Die bayerische Architekturszene begeht in diesem Jahr ein Jubiläum: Die „Architektouren“ der Bayerischen Architektenkammer feiern ihre 30. Ausgabe. Diese jährliche Veranstaltung bietet Ende Juni Einblicke in maßgebende Beispiele aus Architektur, Landschaftsarchitektur, Innenarchitektur und Stadtplanung in allen bayerischen Regierungsbezirken. Zum Auftakt der diesjährigen Architektouren wurde die Preview-Ausstellung mit exemplarischen staatlichen oder staatlich geförderten Projekten im Foyer des Bauministeriums eröffnet. Die Eröffnung verantworteten Bayerns Bauminister Christian Bernreiter und die Präsidentin der Bayerischen Architektenkammer, Professor Lydia Haack.
Die Architektouren finden dieses Jahr am 27. und 28. Juni statt. Hierbei werden 199 Projekte präsentiert, die von einem unabhängigen Expertengremium selektiert wurden. Diese Bauvorhaben demonstrieren kreative Ansätze, einen sorgfältigen Umgang mit Ressourcen und die Gestaltung lebenswerter Räume. Sie illustrieren den essenziellen Beitrag von Architektur und Stadtentwicklung für eine zukunftsfähige Gesellschaft in Bayern.

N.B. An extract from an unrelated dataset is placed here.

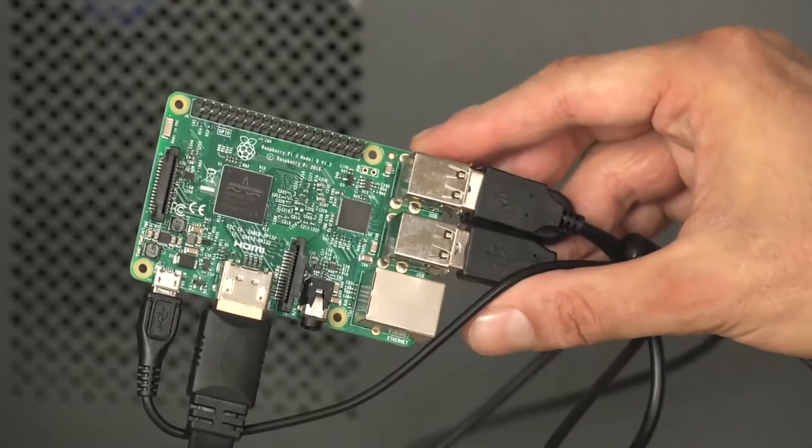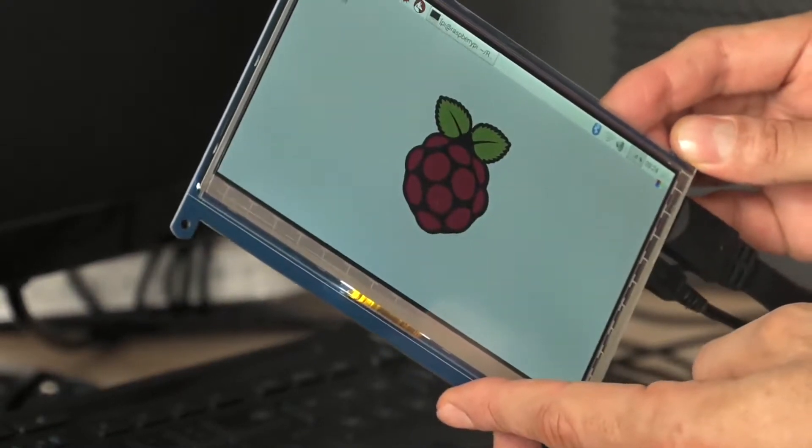We're also creating a software emulator which is going to run on a Raspberry Pi machine, which costs about 50 quid — a thousand times less than the original DEUCE. We hope to have the emulator ready in time for the 60th anniversary celebrations in June 2017.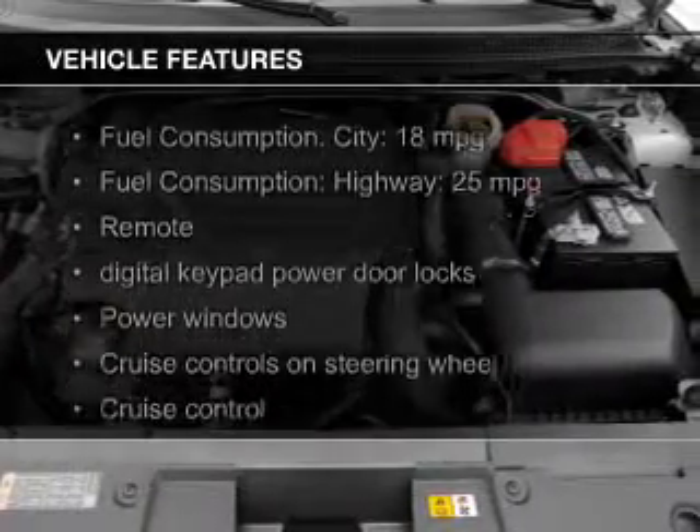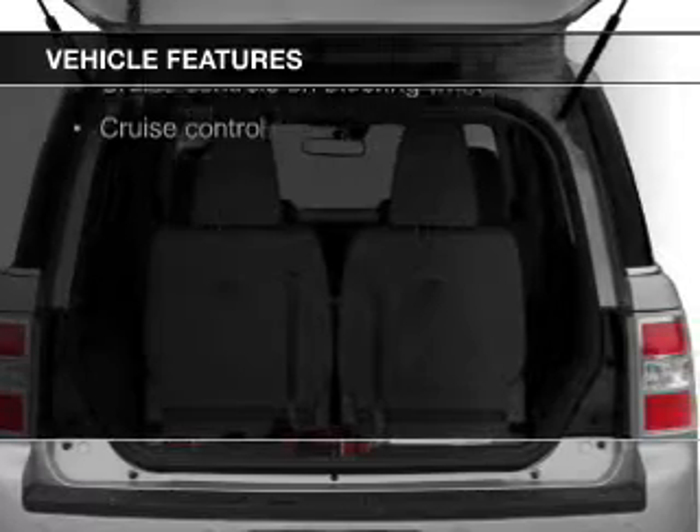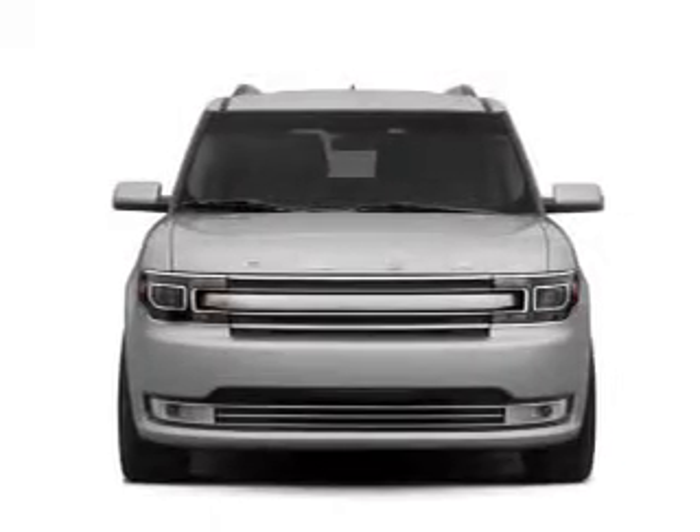The features include leather seats, Bluetooth connectivity, Ford Sync, digital audio input, steering wheel controls, aluminum rims, auto-dimming mirrors, tilt-and-telescopic steering wheel, an alarm system, and power seats.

Statements und Fokus der Ausstellung
Bauminister Bernreiter hob hervor, dass die Architektouren über drei Jahrzehnte aufzeigen, wie qualitätvolles Planen und Bauen das Land formt. Er betonte, dass in der aktuellen Phase die Baubranche verlässliche Rahmenbedingungen und neue Impulse benötige. Das Ziel sei, das Bauen einfacher, ressourcenschonender, schneller und kostengünstiger zu gestalten, was die Architektouren als realisierbar erwiesen. Bernreiter äußerte seine Freude über die Beteiligung des Freistaats mit 62 Projekten, womit die Vorbildfunktion erfüllt werde.
Kammerpräsidentin Haack unterstrich, dass angesichts von Klimawandel, Wohnraumknappheit und der Diskussion über öffentliche Räume eine Gesellschaft erforderlich sei, die Qualität anerkennt und fordert. Die Architektouren trügen seit dreißig Jahren dazu bei, indem sie den Dialog fördern und qualitätsvolle, klimakompetente Planung und Gestaltung visualisieren und erfahrbar machen.
- —62 staatliche oder staatlich geförderte Vorhaben stehen im Fokus der Ausstellung.
- —Innovative und nachhaltige Bauweisen werden gezeigt.
- —Architekturkonzepte für zeitgemäßes und barrierefreies Wohnen sind Teil der Präsentation.
- —Qualitätsvolle Revitalisierungen von Stadträumen und Landschaften werden vorgestellt.
Die Ausstellungseröffnung wurde durch die Vorstellung bemerkenswerter Projekte der Städtebau- und Wohnraumförderung in Penzberg, Tirschenreuth und Rosenheim ergänzt. Dies umfasste eine Retrospektive auf die ersten Architektouren von 1996, Einblicke in Lösungen für qualitätsvollen und erschwinglichen Wohnraum sowie Beispiele für die zeitgemäße Umnutzung von historischem, städtebaulichem Bestand. Die Ausstellung konzentriert sich auf die 62 staatlichen oder staatlich geförderten Vorhaben, die dieses Jahr Teil der Architektouren sind. Zu sehen sind innovative und nachhaltige Bauweisen, Architekturkonzepte für zeitgemäßes und barrierefreies Wohnen sowie qualitätsvolle stadt- und landschaftsplanerische Revitalisierungen von Stadträumen.
Die Ausstellung ist bis einschließlich Freitag, den 17. Juli 2026, montags bis freitags von 10:00 bis 18:00 Uhr im Foyer des Bauministeriums, Franz-Josef-Strauß-Ring 4, 80539 München, zugänglich.